I've run into a problem that ruined six shirts on my last run of 50.

After curing the ink I noticed that the ink on the back print had bled though to the front of the shirt. It almost seems it was the oils or something in the ink that had bled though. I've attached a pic (You have to look close). I tried to wash the shirts with no success in removing the problem. I would understand if this happened on all shirts but only about 6-10 of the 50 printed. 

My Process using Ryonet White Plastisol ink (Stirred before starting):

1) Flood screen (156 mesh, approximately 1/8 offset)
2) 3 - 4 strokes (1-2 strokes were leaving too much ink on shirt which was pulling up into rough peaks.)
3) Flash ink
4) Flood screen
5) 3 - 4 more strokes.
6) Cure to 330 - 340 degrees (Checked with laser temp gun)

Any help would be appreciated.


----------



## wonubee (Oct 2, 2007)

What type of shirt as in is it 100% cotton or a Poly blend?

Are you stacking the shirts on top of each other after they have been cured?

If you are stacking the shirts on top of each other are they still hot when you do it?


----------



## bircanboss (Nov 25, 2009)

Is there any 'bleeding' on the inside of the shirt?

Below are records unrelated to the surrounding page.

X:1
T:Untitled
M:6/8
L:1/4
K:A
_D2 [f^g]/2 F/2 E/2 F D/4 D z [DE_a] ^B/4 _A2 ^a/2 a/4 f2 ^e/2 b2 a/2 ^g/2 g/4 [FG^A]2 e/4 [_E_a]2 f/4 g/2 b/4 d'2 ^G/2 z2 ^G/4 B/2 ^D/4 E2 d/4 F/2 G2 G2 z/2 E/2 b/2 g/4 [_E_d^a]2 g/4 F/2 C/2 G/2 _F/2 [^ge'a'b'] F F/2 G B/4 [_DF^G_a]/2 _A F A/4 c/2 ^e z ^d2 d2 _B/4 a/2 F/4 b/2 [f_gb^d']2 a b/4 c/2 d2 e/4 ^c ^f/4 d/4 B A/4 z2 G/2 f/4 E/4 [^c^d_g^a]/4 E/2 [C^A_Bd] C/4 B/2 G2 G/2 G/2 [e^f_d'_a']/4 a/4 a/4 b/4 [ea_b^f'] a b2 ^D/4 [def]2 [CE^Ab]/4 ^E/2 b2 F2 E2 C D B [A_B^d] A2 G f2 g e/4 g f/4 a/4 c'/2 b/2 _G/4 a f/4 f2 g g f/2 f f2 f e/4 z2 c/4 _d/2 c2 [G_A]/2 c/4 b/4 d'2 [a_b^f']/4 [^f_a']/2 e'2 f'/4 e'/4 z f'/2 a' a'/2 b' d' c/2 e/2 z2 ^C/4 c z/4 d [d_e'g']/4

If not then it's from stacking the shirts ontop of each other.


----------



## Greatzky (Jan 28, 2009)

that's a lot of strokes.. are you pushing the ink into the shirt? If you are getting bleeding on the inside you might be pressing too much ink too hard into the shirt fibers instead of laying it on top. Although i don't get bleed through I find that I push the ink into the shirt too much with light colors.
If you aren't getting bleeding on the inside than I think the others are correct that the ink is still hot when you are laying the shirts onto eachother. Could be more likely with 50/50 shirts too.


----------



## BillyV (May 8, 2009)

Greatzky said:


> that's a lot of strokes.. are you pushing the ink into the shirt? If you are getting bleeding on the inside you might be pressing too much ink too hard into the shirt fibers instead of laying it on top. Although i don't get bleed through I find that I push the ink into the shirt too much with light colors.
> If you aren't getting bleeding on the inside than I think the others are correct that the ink is still hot when you are laying the shirts onto eachother. Could be more likely with 50/50 shirts too.

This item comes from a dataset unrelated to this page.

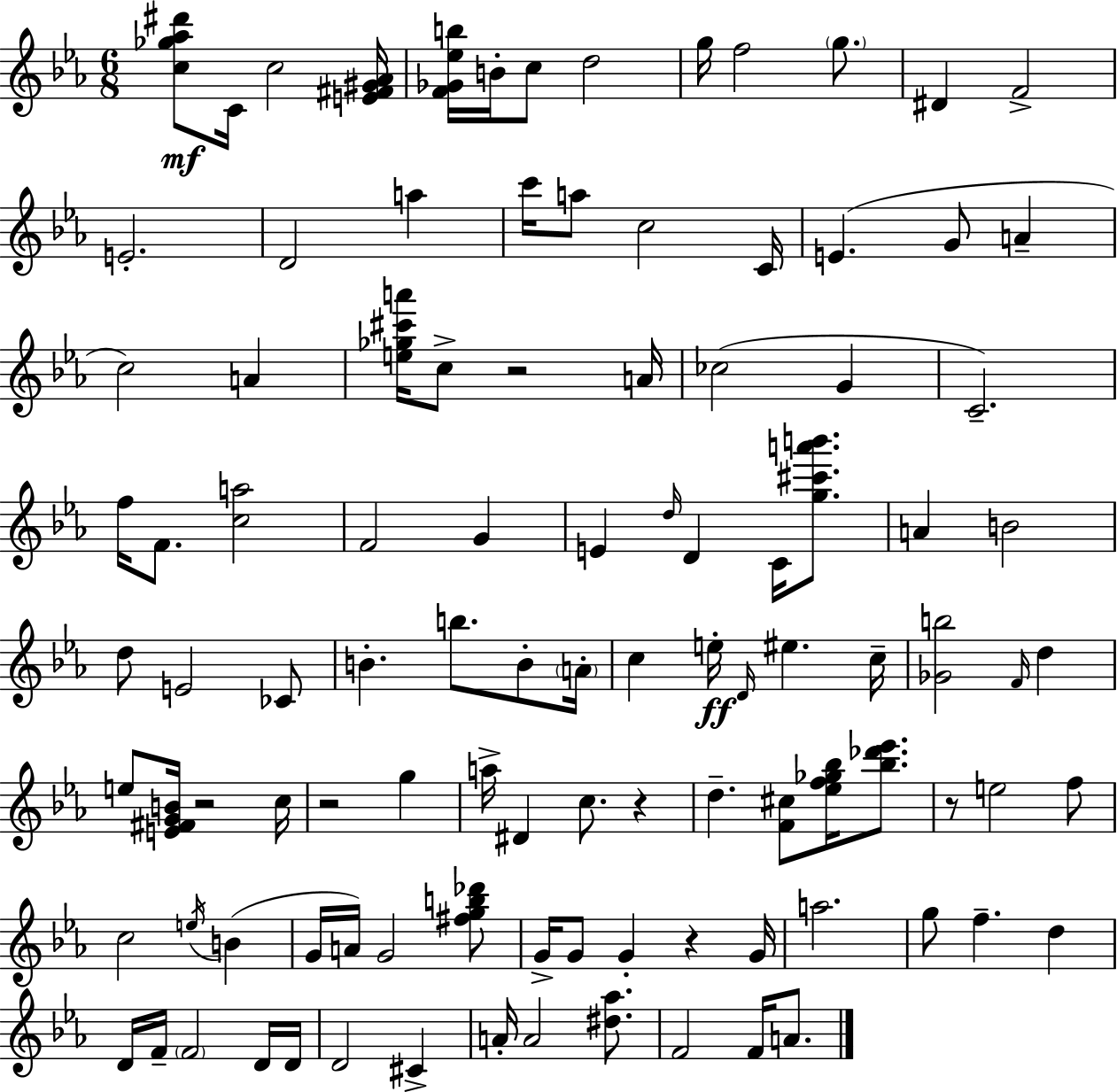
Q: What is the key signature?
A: EES major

I have printed over a thousand shirts with Ryonet White and have never had a signal instance of bleed?

Either you are put way to much ink or my guess is that you are not curing the ink to 320?

There is a great thread on getting a good white print without going through the process you are...

Try starting here www.t-shirtforums.com/t-shirt-articles/t83872.html

Do a search on printing white on a dark shirts if you still are experiencing issues..


----------



## sdickerson (Jan 28, 2010)

I'm using 100% cotton Gildan G2000 Shirts. 

After reading the ideas I'm convinced it's stacking the shirts while still hot after curing. I looked at the "Bleed Though" and it dosen't match the back print. I'm assuming that when they are fully cooled they are safe to stack.

I'll have to look into the printing white with fewer strokes. Again, thanks for all the help. This forum is the BEST!


----------



## jmlampert23 (Nov 7, 2008)

4 strokes then 4 more after a flash is wat too much one or two the flash then one more is enough


----------